(Pictures with short captions)
______________________________

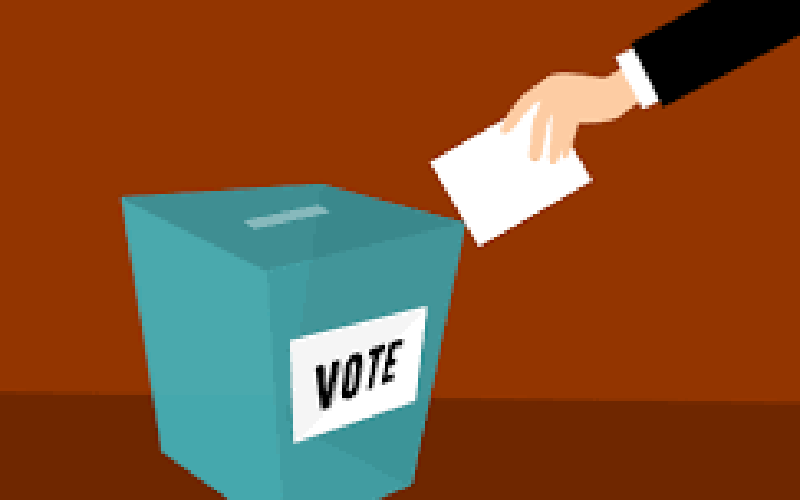 ووٹرز گھروں سے نکلیں ، ڈسکہ میں مساجد سے اعلانات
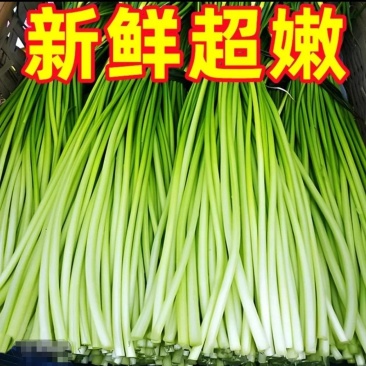 蒜薹，蒜苔，白帽蒜苔红帽蒜苔产地直供，一手货源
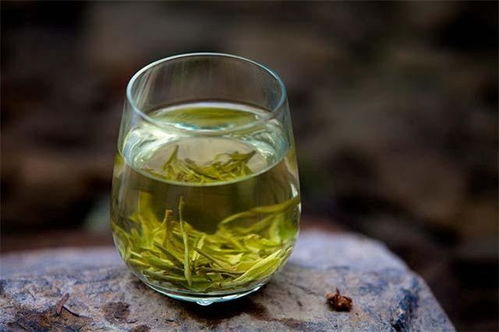 炒青一絕,原汁原味丨明代以來,西湖龍井為何崛起成為名茶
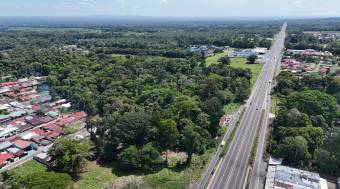 HIGH-DENSITY COMMERCIAL PROPERTY FOR SALE, LIMÓN, GUÁPILES - 9583360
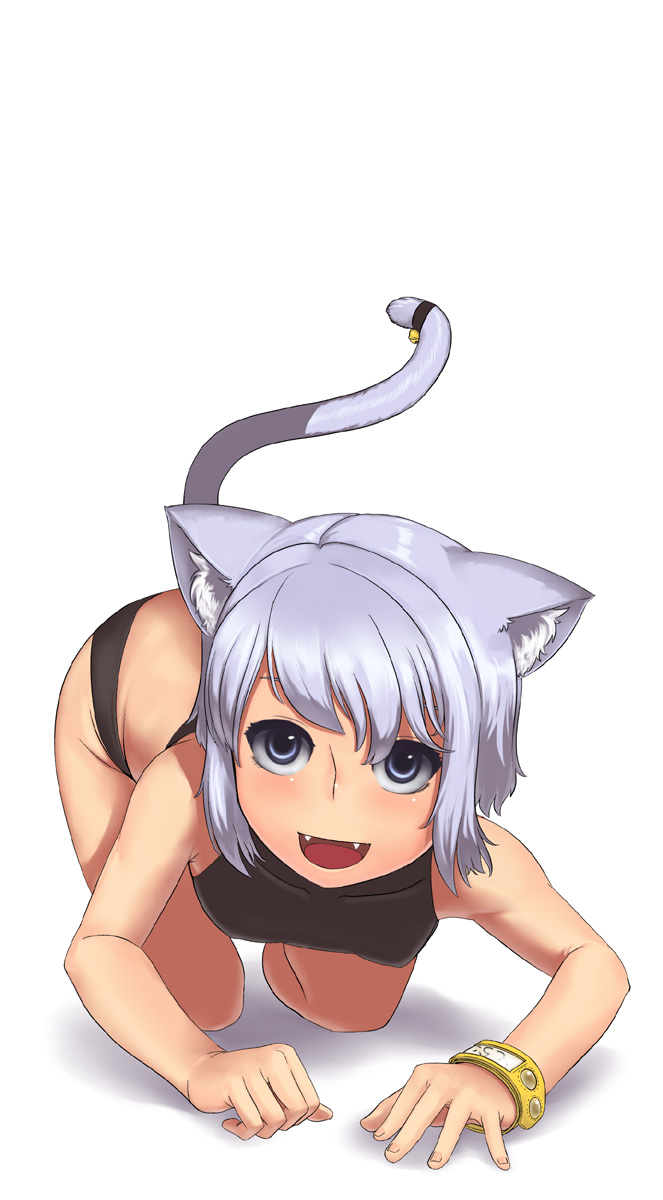 :d all_fours animal_ears blush cat_ears cat_tail fangs grey_eyes halterneck highres looking_at_viewer midori_(lucifer) midriff open_mouth original panties short_hair sidelocks silver_hair smile solo sports_bra tail underwear underwear_only watch white_background wristwatch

______________________________

## TASK REQUIREMENTS
Apart from its pictures, the data is to be repeated exactly.

## EXERCISE OUTPUT
 ووٹرز گھروں سے نکلیں ، ڈسکہ میں مساجد سے اعلانات
 蒜薹，蒜苔，白帽蒜苔红帽蒜苔产地直供，一手货源
 炒青一絕,原汁原味丨明代以來,西湖龍井為何崛起成為名茶
 HIGH-DENSITY COMMERCIAL PROPERTY FOR SALE, LIMÓN, GUÁPILES - 9583360
 :d all_fours animal_ears blush cat_ears cat_tail fangs grey_eyes halterneck highres looking_at_viewer midori_(lucifer) midriff open_mouth original panties short_hair sidelocks silver_hair smile solo sports_bra tail underwear underwear_only watch white_background wristwatch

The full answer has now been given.